153 Ga. App. 551 (1980)
265 S.E.2d 876

McTIER
v.
THE STATE.

58649.

Court of Appeals of Georgia.

Submitted October 15, 1979.
Decided February 21, 1980.

William Elbert McTier, pro se.

Beverly B. Hayes, District Attorney, H. Jeff Lanier, Assistant District Attorney, for appellee.

SOGNIER, Judge.

McTier was convicted in the Superior Court of Laurens County of unlawful possession of more than one ounce of marijuana, in violation of the Georgia Controlled Substances Act. Appealing pro se, he contends (1) the *552 evidence is insufficient to support the verdict; (2) the trial court erred in admitting evidence obtained as a result of the illegal search warrant; (3) Georgia law making a husband the head of the household is unconstitutional; and (4) that his retained counsel was ineffective, thereby denying him his right to effective assistance of counsel.

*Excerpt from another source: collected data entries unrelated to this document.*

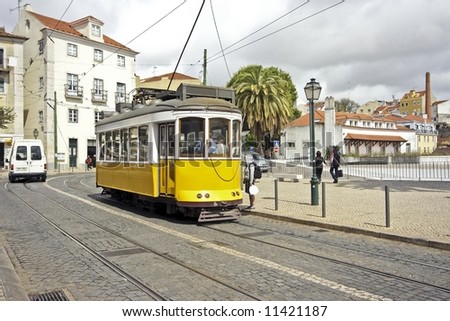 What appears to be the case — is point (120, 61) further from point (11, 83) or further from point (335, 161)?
point (335, 161)

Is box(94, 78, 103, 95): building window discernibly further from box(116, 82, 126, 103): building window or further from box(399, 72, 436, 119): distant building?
box(399, 72, 436, 119): distant building

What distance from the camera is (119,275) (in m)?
6.16

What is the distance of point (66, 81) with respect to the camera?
45.0 meters

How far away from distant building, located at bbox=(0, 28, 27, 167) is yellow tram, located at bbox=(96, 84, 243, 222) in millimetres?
35953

Evidence presented at trial authorized the jury to find that an investigator for the Laurens County Sheriff's Office received information from two informers that McTier was selling marijuana and cocaine. Based on this information, the investigator obtained a search warrant and he and several other law enforcement officials went to McTier's residence on August 24, 1977 and conducted a search. They found some seeds and a green leafy substance which analysis revealed was marijuana. McTier's wife testified that the marijuana had been given to her to hold for some friends and her husband knew nothing about the marijuana; she would not disclose the name of her friends. She also testified that her husband was on probation and would not allow marijuana to be kept in the house. McTier also denied having any knowledge that the marijuana was in his wife's house. They both testified that the house was rented by Mrs. McTier, as she and her husband were separated periodically, although he lived at the house most of the time.

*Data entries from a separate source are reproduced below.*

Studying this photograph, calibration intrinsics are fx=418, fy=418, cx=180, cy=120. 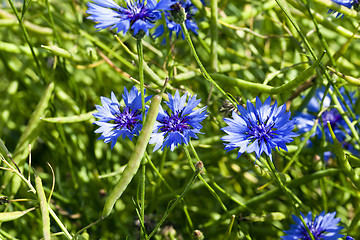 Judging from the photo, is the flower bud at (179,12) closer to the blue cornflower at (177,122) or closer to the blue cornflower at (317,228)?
the blue cornflower at (177,122)

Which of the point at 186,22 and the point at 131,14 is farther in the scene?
the point at 186,22

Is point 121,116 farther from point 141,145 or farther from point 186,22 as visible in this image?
point 186,22

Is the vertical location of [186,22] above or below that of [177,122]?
above

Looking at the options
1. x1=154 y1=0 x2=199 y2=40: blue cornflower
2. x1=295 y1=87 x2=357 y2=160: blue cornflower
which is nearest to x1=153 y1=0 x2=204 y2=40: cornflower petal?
x1=154 y1=0 x2=199 y2=40: blue cornflower

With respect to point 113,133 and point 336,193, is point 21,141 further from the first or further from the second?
point 336,193

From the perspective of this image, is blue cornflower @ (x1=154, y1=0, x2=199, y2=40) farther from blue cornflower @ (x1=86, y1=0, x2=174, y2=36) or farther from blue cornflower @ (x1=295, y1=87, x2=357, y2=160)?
blue cornflower @ (x1=295, y1=87, x2=357, y2=160)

1. We find the evidence related above more than sufficient to justify the verdict in this case. It is apparent the jury chose not to believe the testimony of the McTiers regarding his lack of knowledge and possession of the marijuana. The weight of the evidence and credibility of witnesses are questions for the triers of fact (State v. Smith, 134 Ga. App. 602 (215 SE2d 345) (1975)), and this court passes on the sufficiency of evidence, not its weight. Dillard v. State, 147 Ga. App. 587, 588 (249 SE2d 640) (1978). After a review of the entire record, we find that a rational trier of fact could reasonably have found from the evidence presented at trial proof of guilt of McTier beyond a reasonable doubt. Jackson v. Virginia, 443 U. S. 307 (99 SC 2781, 61 LE2d 560) (1979).

2. With regard to Enumeration 2 no objection was made to the admissibility of evidence obtained as a result *553 of a search pursuant to warrant. It is well settled that this court will not consider questions raised for the first time on appeal. Ridley v. State, 141 Ga. App. 854 (1) (234 SE2d 688) (1977). Thus, there is nothing for us to review in regard to this enumeration of error.

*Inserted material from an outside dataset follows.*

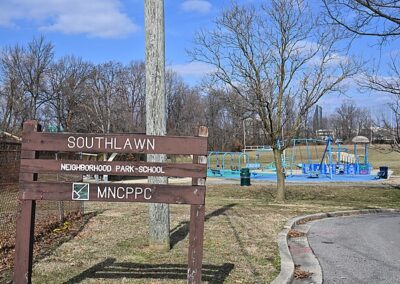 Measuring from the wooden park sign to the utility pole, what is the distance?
265 centimetres

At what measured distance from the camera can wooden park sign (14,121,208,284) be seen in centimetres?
494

3. In regard to Enumeration 3 the judge's charge that a husband is recognized by law as the head of the family was legally correct and proper. Code Ann. § 53-501. When a husband and wife reside together, he is head of the house, whether it is owned or rented to the husband or the wife. West v. State, 74 Ga. App. 453 (2), 457 (40 SE2d 156) (1946). Hence, this enumeration is without merit.

4. In his final enumeration of error appellant contends that his retained counsel was ineffective in representing him prior to and during trial because he did not object to the legality of the search warrant. Appellant cites no authority, makes no reference to the record where the alleged error occurred, and presents no argument on this issue in his brief. Accordingly, under Rule 15 (c) (2) of this court (Code Ann. § 24-3615 (c) (2)), the claimed error is abandoned. Williams v. State, 146 Ga. App. 543 (246 SE2d 729) (1978); O'Neal v. Haverty Furniture Cos., 138 Ga. App. 346 (226 SE2d 141) (1976).

Judgment affirmed, McMurray, P. J., and Banke, J., concur.